1 Department of Pediatrics, Washington University in St. Louis School of Medicine , Saint Louis, Missouri.
2 Department of Neurology, Washington University in St. Louis School of Medicine , Saint Louis, Missouri.
J Neurotrauma. 2018 Mar 1;35(5):790-801. doi: 10.1089/neu.2017.5354. Epub 2018 Jan 12.
Hypoxemia during initial stabilization of patients with severe traumatic brain injury (TBI) has been associated with poorer outcomes. However, the effects of delayed hypoxemia occurring during intensive care post-TBI on outcome is unclear. Pre-clinical models of TBI have rarely shown cognitive or behavioral deficits beyond 6 weeks post-injury and commonly have not included modeling of secondary insults. We have previously developed a murine model of TBI followed by delayed hypoxemia to model the secondary insult of hypoxemia and brain hypoxia occurring in the intensive care setting. Understanding long-term effects of delayed hypoxemia post-TBI in our murine model is critical for future testing of candidate therapeutics targeting secondary brain hypoxia. For this study, forty 5-week-old male mice were randomized to controlled cortical impact (CCI; N = 24) or sham surgery (N = 16). One day later, awake animals were randomized to 60 min of hypoxemia or normoxemia. Six months after initial injury, animals underwent behavior testing (Morris water maze, social interaction, and tail suspension) before euthanasia for immunohistochemistry (IHC) assessments.
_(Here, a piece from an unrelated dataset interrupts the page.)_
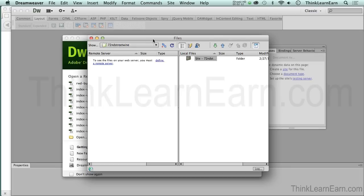What we need to do here is we need to set up our FTP. We already defined our site. That's step one. You have to tell Dreamweaver where your local folder is kept. As an example, I'm going to close this window for a second.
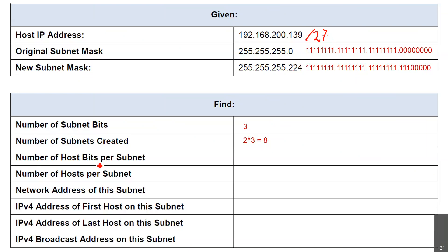Number of host bits per subnet — how many host bits do we now have? Earlier we had 8, but since we have borrowed 3, now we have 1, 2, 3, 4, 5. The answer is 5 host bits per subnet.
At 6 months post-injury, mice experiencing CCI and hypoxemia (CCI+H) had longer swim distances to the hidden platform (51 cm) compared to CCI alone (26 cm) or sham animals (22 cm). During social interaction assessments, CCI + H mice spent less time interacting with novel stimulus mice (79 sec) than CCI alone (101 sec) or sham animals (139 sec). CCI + H had larger lesion volumes compared to CCI alone (14.0% vs. 9.9%; p < 0.003). Glial fibrillary acidic protein IHC at 6 months post-injury demonstrated increased astrogliosis in the ipsilateral white matter of CCI + H compared to CCI alone. To summarize, this clinically relevant model of delayed hypoxia post-TBI resulted in long-term behavioral deficits and evidence of exacerbated structural injury.
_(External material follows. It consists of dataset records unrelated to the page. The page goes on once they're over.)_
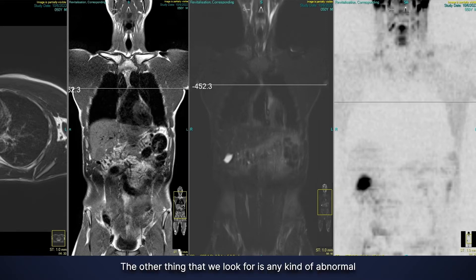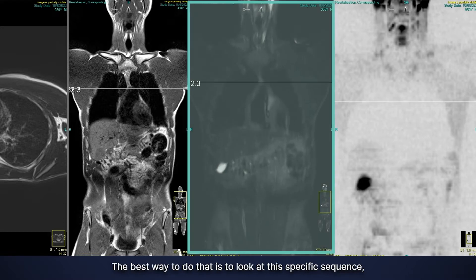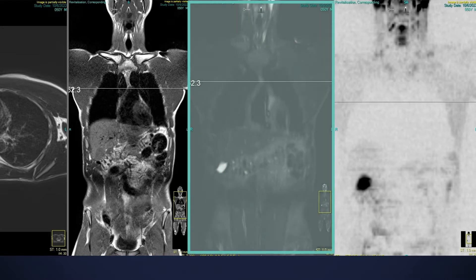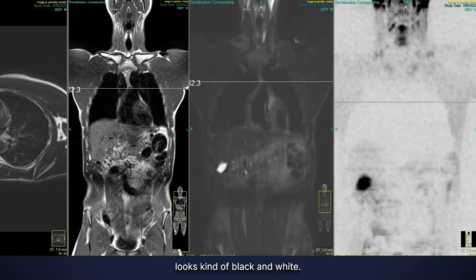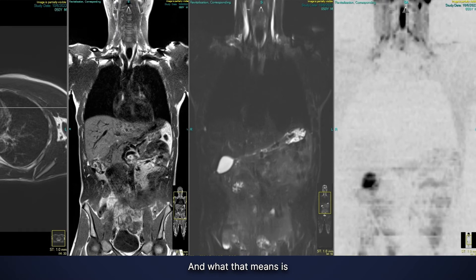The other thing that we look for is any kind of abnormal fluid accumulation around the lung. The best way to do that is to look at this specific sequence — it looks kind of black and white — and anything really bright or white is going to be fluid.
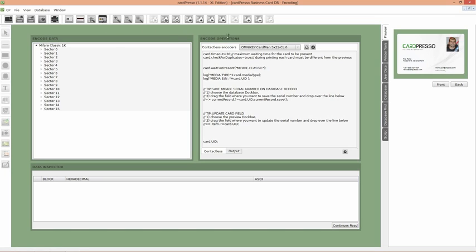Please verify if the encoder device detected is the one you'll use. If not, please change it. On your right, on the Preview tab, we have a preview of our card layout, with our new text object.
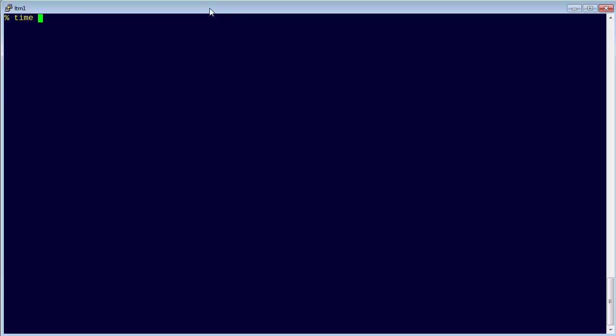So let's time the expression of three times four and do that a hundred thousand times. So that's about 1.59 microseconds per iteration.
创伤性脑损伤(TBI)患者在初始稳定期间发生低氧血症与较差的预后相关。然而,TBI 后重症监护期间发生的迟发性低氧血症对结果的影响尚不清楚。TBI 的临床前模型很少显示出损伤后 6 周以上的认知或行为缺陷,并且通常不包括二次损伤的建模。我们之前开发了一种 TBI 后迟发性低氧血症的小鼠模型,以模拟重症监护环境中发生的低氧血症和脑缺氧的二次损伤。了解我们的小鼠模型中 TBI 后迟发性低氧血症的长期影响对于未来针对继发性脑缺氧的候选治疗药物的测试至关重要。在这项研究中,40 只 5 周龄雄性小鼠被随机分为控制性皮质撞击(CCI;N=24)或假手术(N=16)。一天后,清醒动物被随机分为低氧血症或常氧血症 60 分钟。初次损伤后 6 个月,动物接受行为测试(莫里斯水迷宫、社交互动和悬尾),然后进行安乐死以进行免疫组织化学(IHC)评估。损伤后 6 个月,经历 CCI 和低氧血症(CCI+H)的小鼠游到隐藏平台的距离(51cm)比 CCI 单独(26cm)或假手术(22cm)的小鼠长。在社交互动评估中,CCI+H 小鼠与新刺激小鼠的互动时间(79 秒)比 CCI 单独(101 秒)或假手术(139 秒)的小鼠短。CCI+H 的病变体积比 CCI 单独(14.0%比 9.9%;p<0.003)大。损伤后 6 个月的胶质纤维酸性蛋白 IHC 显示 CCI+H 的同侧白质中星形胶质增生增加。总之,这种具有临床相关性的 TBI 后迟发性缺氧模型导致了长期的行为缺陷和结构损伤加剧的证据。